Nell’ottobre 2015, dopo aver pubblicato un articolo di Vincent Schilling che invitava a non festeggiare il Columbus Day, ricevemmo giusto un paio di mail contrariate, lettori che con pieno diritto contestavano le ricostruzioni storiche di eccidi, stupri e sfruttamenti perpetrati dall’esploratore ligure.
Ebbene, è naturale che di fronte alla “rivisitazione” di figure mitiche, soprattutto se santi, navigatori ed eroi, la gente si schieri, o a favore della tradizione o con chi tenta di metterla in dubbio. Ma non è che appartenere alla seconda categoria comporti necessariamente l’adesione all’ennesima trovata progressista mainstream terzomondista eccetera, quella di moda in questa stagione estiva 2017, ossia la frantumazione dei simboli politicamente scorretti, dalla protostoria alla seconda guerra mondiale.

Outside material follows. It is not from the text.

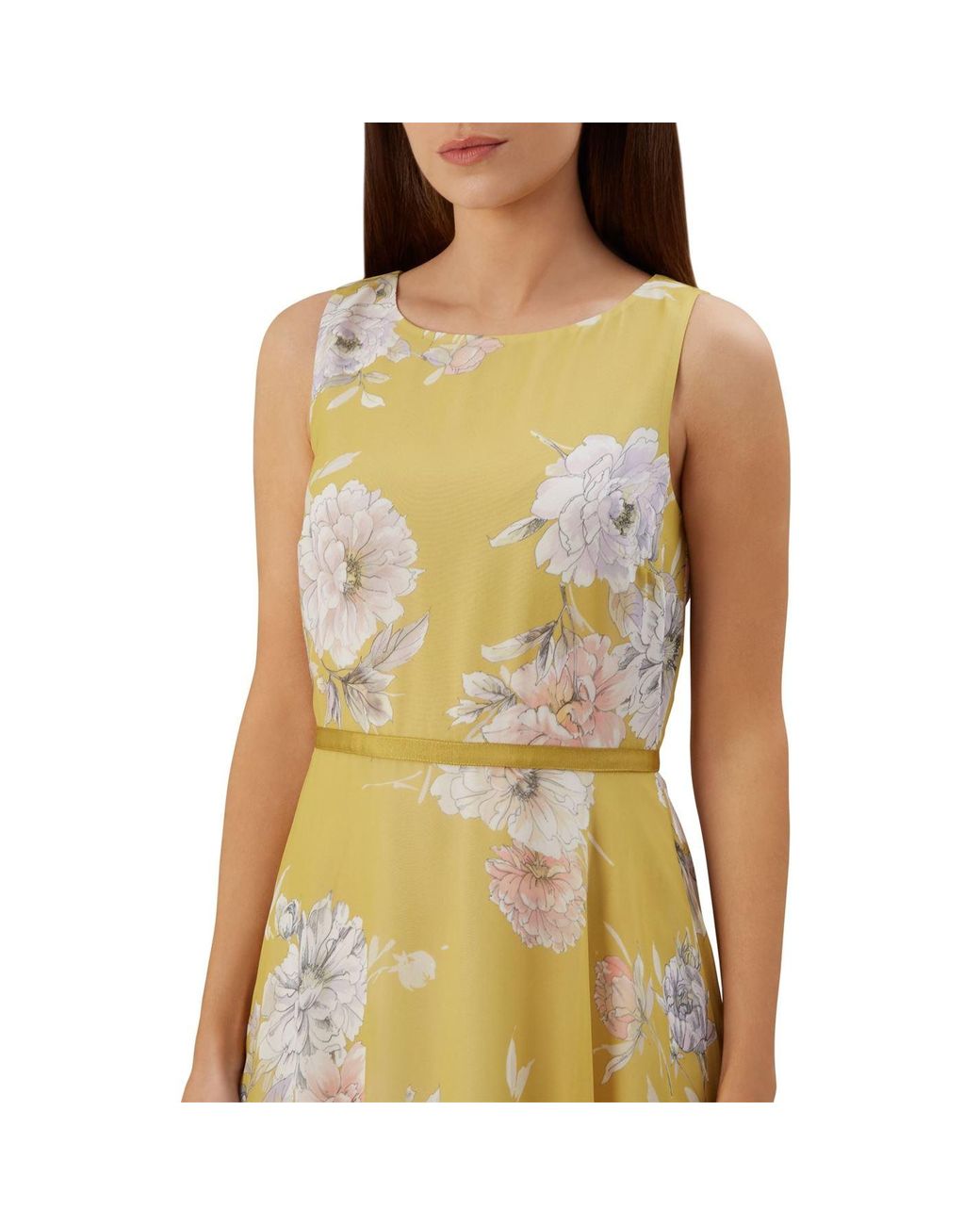 hobbs yellow carly dress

Le statue di Colombo… presenti in ogni angolo della terra, in America per ovvi motivi, in Spagna perché lì lo credono spagnolo, nelle decine di comuni della riviera ligure che gli hanno dato i natali… stanno a rappresentare l’uomo che ha aperto una via tra due continenti. Punto.
Se il compagno sindaco di New York considera persino questo secondo aspetto una iattura, abbatta pure le statue del Genovese, ma faccia anche la cortesia di tornarsene da dove sono arrivati i suoi antenati, restituendo Manhattan agli indiani algonchini.